(Listed records begins)

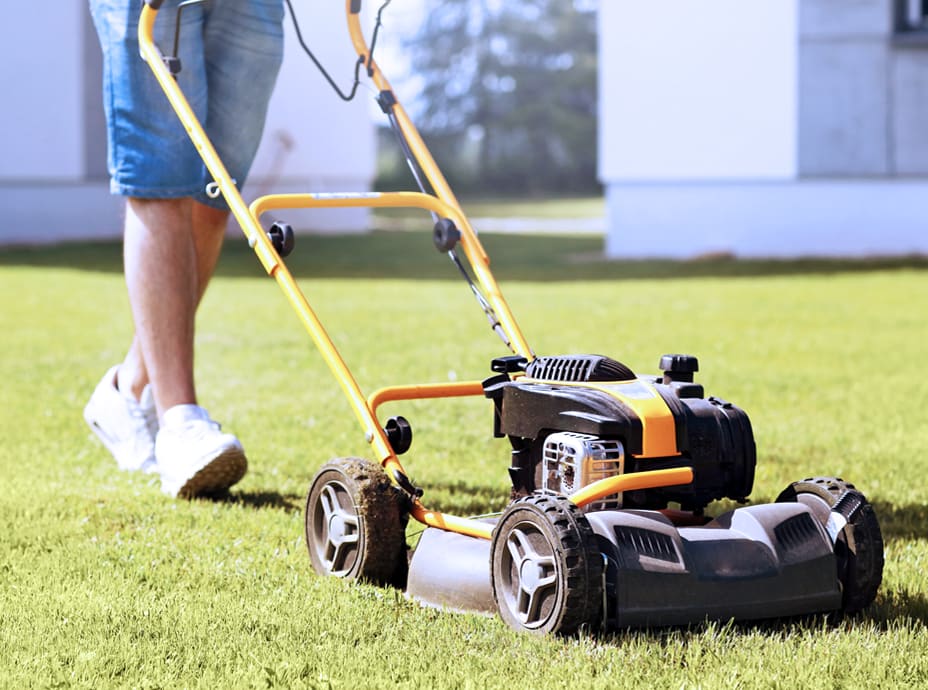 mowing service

(Listed records ends)
(Listed records begins)

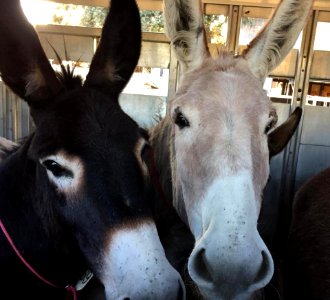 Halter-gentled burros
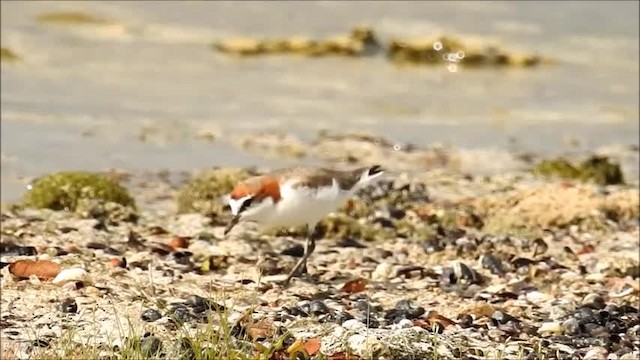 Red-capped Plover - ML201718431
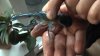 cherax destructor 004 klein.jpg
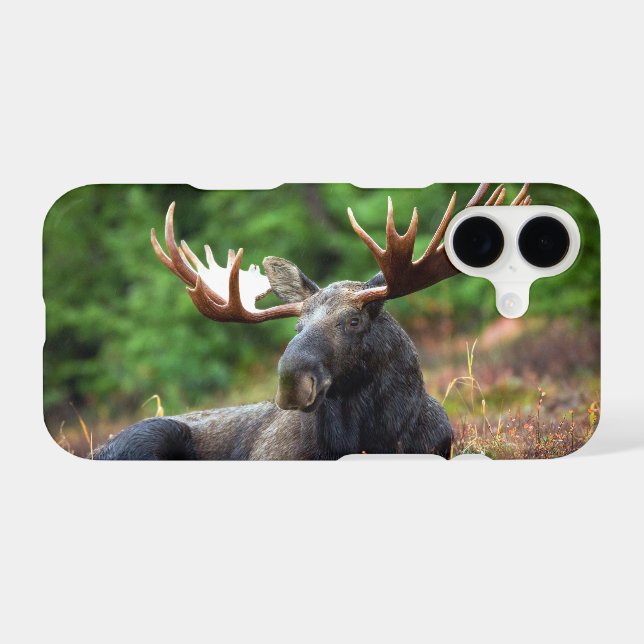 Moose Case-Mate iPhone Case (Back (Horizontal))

(Listed records ends)

Aim of the exercise: Transcribe exactly the lines above, beginning at the one with "Halter-gentled burros" and going up to and including the one with "Moose Case-Mate iPhone". Pictures do not belong in the copy.

Expected output:
 Halter-gentled burros
 Red-capped Plover - ML201718431
 cherax destructor 004 klein.jpg
 Moose Case-Mate iPhone Case (Back (Horizontal))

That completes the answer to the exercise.